# Facebook Addiction - Recovery in Progress :)



## sociallyconscious (Mar 27, 2009)

I've been setting a few goals for myself. One of these goals is to maintain a positive outlook on life. I have made the choice to quit facebook for three weeks. I used to be an AVID facebook user. I was on chat 24/7, hardly ever talking to anyone, because I never did anything else with my life. And when I did sign out, I would become severely anxious and depressed after seeing my fellow classmates and "friends" making statuses about how fun and exciting their weekends were. Has anybody else quit facebook? How did it work out for you? Any advice?


----------



## chereal80 (Aug 17, 2010)

I deleted my account a few days ago and I feel really good. Whenever I would get onto facebook I would look at everyone and feel bad. Every time I think about going back on I remember how I felt before and I come to the conclusion that I'm not missing out on much, and really I'm not. I don't know how long I'm going to go without it but for now I'm saying screw everybody.....well that is besides the few people I actually see in person of course


----------



## Mae West (Sep 15, 2005)

That's good that you are cutting down. I go on facebook about every other day. I just check on what my friends are doing and once in a while update my status. Everything in moderation.


----------



## Rossy (Jan 15, 2011)

I am thinking about deleting my account because I can't be bothered with it at all.


----------



## sociallyconscious (Mar 27, 2009)

Thanks so much for the support guys. =) The main reason why I've chosen to quit facebook is because I noticed that some of my "close friends" were posting statuses about going out and hanging out without me. I think the only thing worse than having no friends, is having "friends" who don't appreciate your company. Now that I have chosen to quit associating myself with facebook, I will no longer be consumed with lives that have little significance to the person I am. 
I am no longer a facebookaholic.


----------



## Rossy (Jan 15, 2011)

I have just ditched facebook:yay


----------



## nickcorona (Oct 17, 2010)

You goal is way to broad..

Follow this guideline for setting goals:

Specific
Measurable
Achievable
Realistic
Time-framed

Your goal to have a more positive outlook on live is neither specific, measurable, or time-framed.


----------



## sociallyconscious (Mar 27, 2009)

^^ No, not at all. My ultimate goal is to have a more positive outlook on life. 
The small goals I have created to reach this goal include ditching facebook for 3 weeks to see if my happiness levels change, leaving my apartment at least three times a week (going for a 5 minute walk, buying necessities at the mall, etc.), monitoring my swearing, and a few other personal goals.
My goals are specific, measurable, and time-framed.


----------



## sociallyconscious (Mar 27, 2009)

Rossy said:


> I have just ditched facebook:yay


Yay!!! Congrats! =)


----------



## trendyfool (Apr 11, 2010)

good job!!!  this is a great goal. I sort of did this, and after a while I was able to start using facebook again and not feel terrible about what i saw there.


----------



## Kakaka (Apr 7, 2010)

That's great 

I'm trying to do a similar thing at the moment - minimising the time I spend on certain sites (Facebook inc). Something which helped me was I downloaded a little Firefox addon called Leechblock that only lets me on certain websites after 10pm. Decent tool if anyone's interested.


----------



## suddenstorm (Feb 2, 2011)

I think thats a good idea. I have facebook but I don't get on it much. I just get on it to add people I meet or people I want to keep/stay in contact with. I'm not really into the whole thing. Facebook seems kinda fake to me...


----------



## sociallyconscious (Mar 27, 2009)

Kakaka said:


> That's great
> 
> I'm trying to do a similar thing at the moment - minimising the time I spend on certain sites (Facebook inc). Something which helped me was I downloaded a little Firefox addon called Leechblock that only lets me on certain websites after 10pm. Decent tool if anyone's interested.
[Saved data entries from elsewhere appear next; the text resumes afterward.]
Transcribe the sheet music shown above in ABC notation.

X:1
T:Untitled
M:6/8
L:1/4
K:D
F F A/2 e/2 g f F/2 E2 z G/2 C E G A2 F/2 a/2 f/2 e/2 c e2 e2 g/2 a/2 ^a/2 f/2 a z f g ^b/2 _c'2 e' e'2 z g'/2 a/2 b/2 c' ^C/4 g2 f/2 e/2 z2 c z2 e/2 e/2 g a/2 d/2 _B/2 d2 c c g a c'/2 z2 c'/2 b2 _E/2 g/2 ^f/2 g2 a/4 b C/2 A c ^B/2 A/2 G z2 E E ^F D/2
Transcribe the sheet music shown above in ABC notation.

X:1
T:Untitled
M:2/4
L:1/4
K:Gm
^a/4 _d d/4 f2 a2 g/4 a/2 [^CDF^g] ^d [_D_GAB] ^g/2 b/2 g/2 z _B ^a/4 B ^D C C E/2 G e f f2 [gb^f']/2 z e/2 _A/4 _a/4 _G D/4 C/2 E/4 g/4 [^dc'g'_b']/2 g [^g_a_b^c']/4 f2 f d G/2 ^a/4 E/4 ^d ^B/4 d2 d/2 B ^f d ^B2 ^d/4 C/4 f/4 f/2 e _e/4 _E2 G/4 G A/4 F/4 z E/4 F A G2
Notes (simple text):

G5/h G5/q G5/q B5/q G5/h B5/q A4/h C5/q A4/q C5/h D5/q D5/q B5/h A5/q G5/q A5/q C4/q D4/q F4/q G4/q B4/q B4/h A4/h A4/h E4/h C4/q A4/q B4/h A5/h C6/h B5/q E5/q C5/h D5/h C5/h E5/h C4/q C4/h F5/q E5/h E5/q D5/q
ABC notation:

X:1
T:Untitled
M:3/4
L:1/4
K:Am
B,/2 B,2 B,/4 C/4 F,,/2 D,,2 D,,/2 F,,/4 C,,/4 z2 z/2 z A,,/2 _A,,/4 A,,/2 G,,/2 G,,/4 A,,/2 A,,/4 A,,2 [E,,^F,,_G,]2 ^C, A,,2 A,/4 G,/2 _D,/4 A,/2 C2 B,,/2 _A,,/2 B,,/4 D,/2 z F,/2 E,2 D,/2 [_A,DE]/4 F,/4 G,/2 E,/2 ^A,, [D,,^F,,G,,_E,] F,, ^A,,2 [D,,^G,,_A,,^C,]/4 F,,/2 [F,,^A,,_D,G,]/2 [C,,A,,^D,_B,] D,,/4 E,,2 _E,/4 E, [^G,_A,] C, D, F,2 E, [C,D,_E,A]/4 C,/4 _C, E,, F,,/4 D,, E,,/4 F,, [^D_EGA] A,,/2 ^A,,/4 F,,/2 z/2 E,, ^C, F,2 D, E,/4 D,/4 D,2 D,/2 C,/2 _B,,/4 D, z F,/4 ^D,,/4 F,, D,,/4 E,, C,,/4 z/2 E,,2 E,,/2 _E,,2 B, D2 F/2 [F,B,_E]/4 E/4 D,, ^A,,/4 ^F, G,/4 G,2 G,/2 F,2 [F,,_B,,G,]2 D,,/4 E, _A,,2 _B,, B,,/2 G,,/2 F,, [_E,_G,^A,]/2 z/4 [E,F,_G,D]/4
Thanks! I feel pretty amazing so far. I've been visiting this site more often, which is alot more beneficial. 
I love the idea of the Leechblock. It helps to keep things moderated. I'll most definitely check it out.


----------



## sociallyconscious (Mar 27, 2009)

suddenstorm said:


> I think thats a good idea. I have facebook but I don't get on it much. I just get on it to add people I meet or people I want to keep/stay in contact with. I'm not really into the whole thing. Facebook seems kinda fake to me...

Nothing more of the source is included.